Contratto Unico del Sociosanitario: datoriali e sindacati concordi, ma servono più risorse.
Un passo significativo verso la creazione di un contratto unico per il settore sociosanitario è stato compiuto oggi a Torino, durante la tavola rotonda “Verso il CCNL unitario del comparto sociosanitario” organizzata da Uneba nell’ambito del convegno “Il lavoro tra professionalità e valore etico della cura”. Nonostante l’ampio consenso sull’obiettivo a lungo termine, le associazioni datoriali e i sindacati hanno sottolineato un’esigenza imprescindibile e immediata: l’urgenza di maggiori risorse da Stato e Regioni per il settore.
Uneba, voce del non profit di radici cristiane e promotrice del contratto unico, punta a un unico strumento normativo per le centinaia di migliaia di lavoratori che assistono anziani non autosufficienti e altre persone fragili. Attualmente, il settore è frammentato in una decina di contratti differenti, uno per ciascuna associazione datoriale.
“Nei prossimi 2-3 anni dobbiamo iniziare a ottenere qualcosa riguardo al contratto unico,” ha dichiarato Alessandro Baccelli, segretario nazionale Uneba. “Avere uno strumento di lavoro simile per tutte le diverse realtà potrebbe sicuramente essere una soluzione. Propongo di partire, per il contratto unico, dagli articoli che nei vari contratti sono simili o quasi identici.”
Questa visione è stata ampiamente condivisa. Daniele Massa della Diaconia Valdese ha affermato: “Il contratto unico è una necessità strategica non più rinviabile per dare visibilità e peso al settore sociosanitario.” Anche Antonio Vargiu di Uiltucs ha spinto per un’azione immediata: “Dobbiamo organizzare da subito l’interlocuzione con Stato e Regioni.”
Nonostante l’accordo sull’importanza del contratto unico, la tavola rotonda ha evidenziato un ostacolo fondamentale: la carenza di risorse pubbliche. Senza un adeguato finanziamento, ogni tentativo di migliorare le condizioni lavorative e retributive rischia di rimanere lettera morta.
Amedeo Prevete, presidente di Uneba Piemonte, ha ribadito: “Serve corresponsabilità: sindacati e associazioni datoriali, dobbiamo andare tutti assieme dalle Regioni a chiedere risorse. Altrimenti non ci saranno risorse per remunerare il contratto.” A fargli eco, padre Francesco Ciccimarra di Agidae: “Dobbiamo aprire un tavolo per chiedere di alzare le tariffe.”

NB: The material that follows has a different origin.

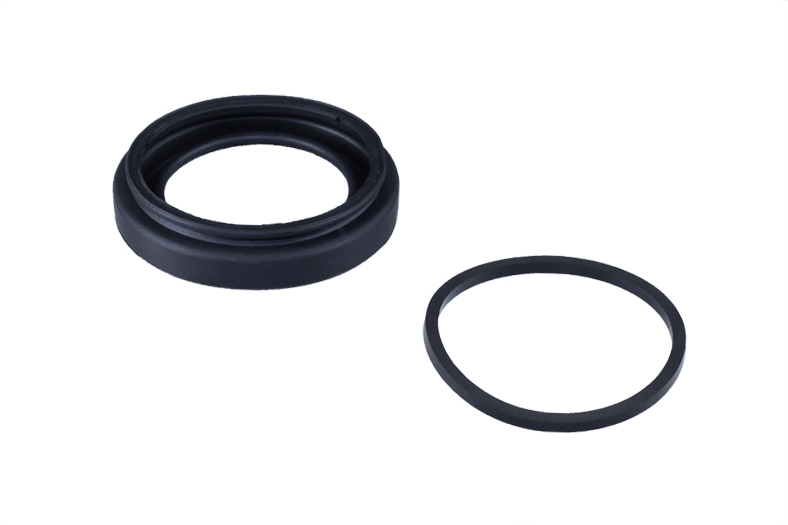 Jeu de joints d'étanchéification, étrier de frein | F.BECKER_LINE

La discussione ha visto l’intervento di diversi rappresentanti, ognuno portando la propria prospettiva:
- Pietro Bardoscia della Uil Fpl ha sottolineato l’importanza del contratto Uneba già in essere: “Con Uneba abbiamo fatto un rinnovo di contratto molto importante. Il contratto Uneba a regime è migliorativo per i lavoratori e sarà contratto di riferimento per il settore. Garantiamo a Uneba che daremo supporto nel dialogo con le Regioni per il miglioramento delle rette.”
- Aurora Blanca di Cisl Fisascat, pur credendo nel contratto unico, ha evidenziato una priorità: “Crediamo nel contratto unico, ma prima bisogna rinnovare i contratti scaduti nel settore sociosanitario.”
- Franco Berardi di Cisl Fp ha proposto un approccio pratico: “Dobbiamo puntare a livellare i (compensi) tabellari. Così sarà più facile andare a esigerne i costi (da Stato e Regioni).”
- Giancarlo D’Errico di Anffas ha evidenziato un vantaggio chiave: “Un vantaggio del contratto unico è che ostacolerebbe la concorrenza al ribasso.”
- Michele Assandri di Anaste ha posto una precondizione chiara: “Nulla osta al contratto unico, ma finché non vengono definite tariffe per i servizi in base ai costi reali di produzione non si può. Questa è la nostra precondizione.”
- Infine, padre Virginio Bebber per Aris ha riconosciuto l’idea del contratto unico come qualcosa che “si sta facendo strada,” esprimendo però una particolare preoccupazione per la situazione dei “centri di riabilitazione.”
La tavola rotonda ha quindi tracciato una rotta chiara: l’obiettivo di un contratto unico è condiviso, ma la sua realizzazione è intrinsecamente legata a un robusto aumento degli investimenti pubblici nel settore. La sanità e l’assistenza alle fragilità dipendono dalla capacità dello Stato e delle Regioni di riconoscere il valore economico e sociale di questi servizi essenziali.